The next concern I have is that it doesn't seem like many of the properties on their website really seem to be in prime locations. Now, I totally understand that prime location is totally subjective, and this is just my opinion on things. But from what I could tell, these seem to be more cash flowing properties than really appreciating assets. Don't misinterpret me here, because there is nothing wrong with going for cash flow over appreciation, and there are some great advantages of doing so.

But often, the reason why these properties are cash flowing so well is because the locations tend to be a little bit less desirable. Let’s take this listing for example: at 333 Cypress Hill, selling for one hundred and eight thousand nine hundred dollars today. Now, this seems to make some decent rental income, but then you see the property sold back in 1986 for fifty-four thousand five hundred dollars. Yes, that's right: fifty-four thousand five hundred dollars. You gotta remember that fifty-four thousand five hundred dollars in 1986, adjusted for inflation, is equivalent to one hundred and twenty-three thousand five hundred dollars in today's money.

So, over the last thirty years, that home has pretty much not appreciated in value at all; it simply just kept up with inflation. Now, I suppose you're still collecting rent during that time frame, so it's not like you're not making any money. But still, ideally in real estate, you want to be keeping up with inflation plus seeing some appreciation in addition to rent. Owning a property in a good location not only gives you more appreciation, but there's also more stability, more consistent rent, and also less vacancy in the time between tenants.

Now, the next downside I see with this from the buyer's perspective is that there's not really any room for improvement. Now, I get that this is not Roofstock's target audience, and they're really approaching a much more laid-back, casual, lazier investors who simply want to invest, collect rent, and not really do any work on it, and there's nothing wrong with that. But from a buyer's perspective, they can be making a lot more money if they're simply buying these properties, fixing them up, and then renting them out themselves.

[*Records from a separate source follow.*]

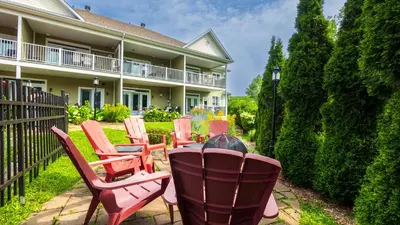 a group of chairs sitting in front of a house at Le 201 Champlain Bromont in Bromont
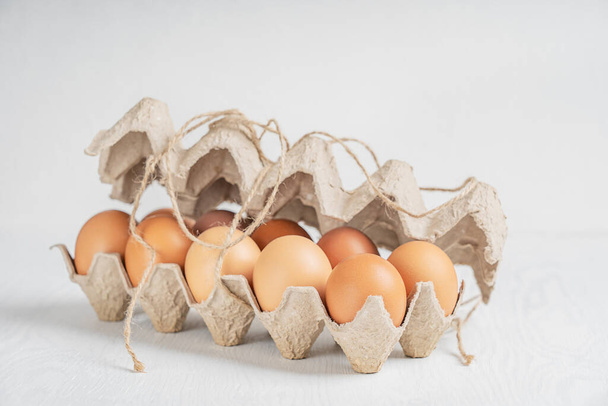 Close-up view of raw brown fresh chicken eggs in container made of recycled paper on white wooden background. Healthy eating and sustainable consumption concept. Horizontal image - Zdjęcie, obraz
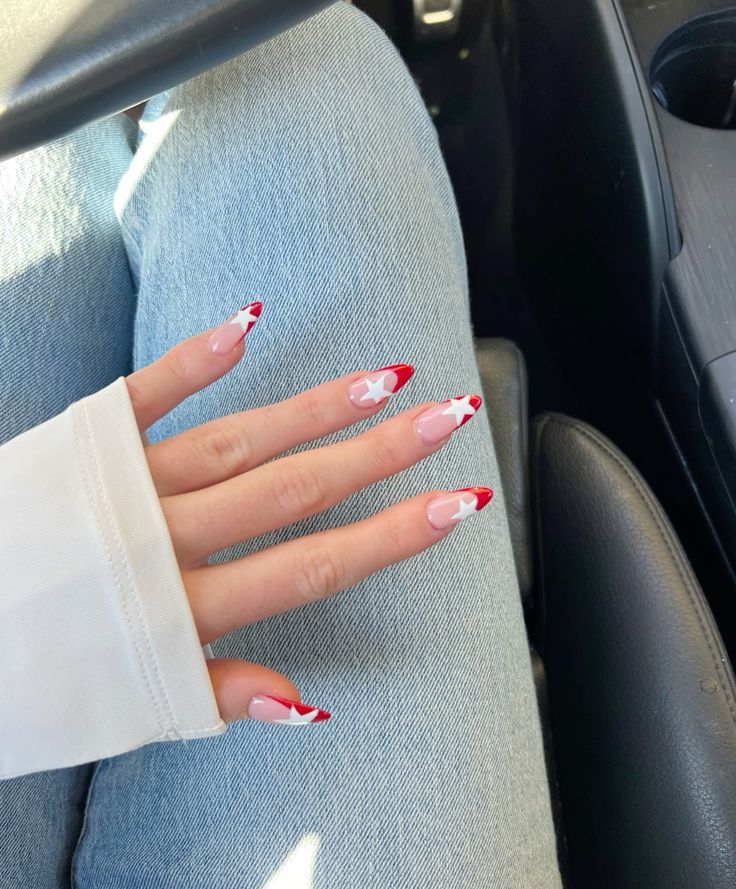 Sophisticated Red and White Almond-Shaped Nails with Playful Star Accents.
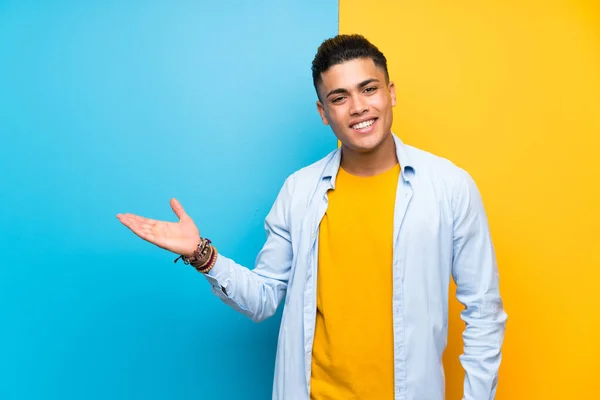 Young Man Isolated Colorful Background Holding Copyspace Imaginary Palm — Stok fotoğraf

So by not doing that, they're certainly paying a very large premium for having all of this work done for them. Finally, my last criticism with this—and I could be totally wrong with this one, so feel free to correct me on this one down in the comments if I am incorrect—but from everything I can tell, it doesn't appear as though you can tour the home in person before either writing an offer or closing on the property. If this is the case, and this is true, I think it’s so important that with any offer you write with Roofstock, it's very important to make that offer subject to interior inspection.

This means that you have the chance to see in person on the inside as a contingency of that sale, and if you don’t like it or don’t approve of that for whatever reason, you can back out of the deal. I've seen so many homes firsthand that just look amazing in the pictures. It's shot with the wide-angle lens, everything looks so bright, it looks perfect, but then you go and see the home in person and you realize, "Wow, this is a piece of..." It looks totally different than how it did online. They catfished me!

Good! The reality is that many pictures can often be altered, modified, open to interpretation, and photoshopped, and they can look entirely different from the reality of what the place is actually like. Now, besides those buyer concerns—which obviously could be eliminated with a little due diligence, seeing the property in person—I don't really see any downside from the buyer's perspective.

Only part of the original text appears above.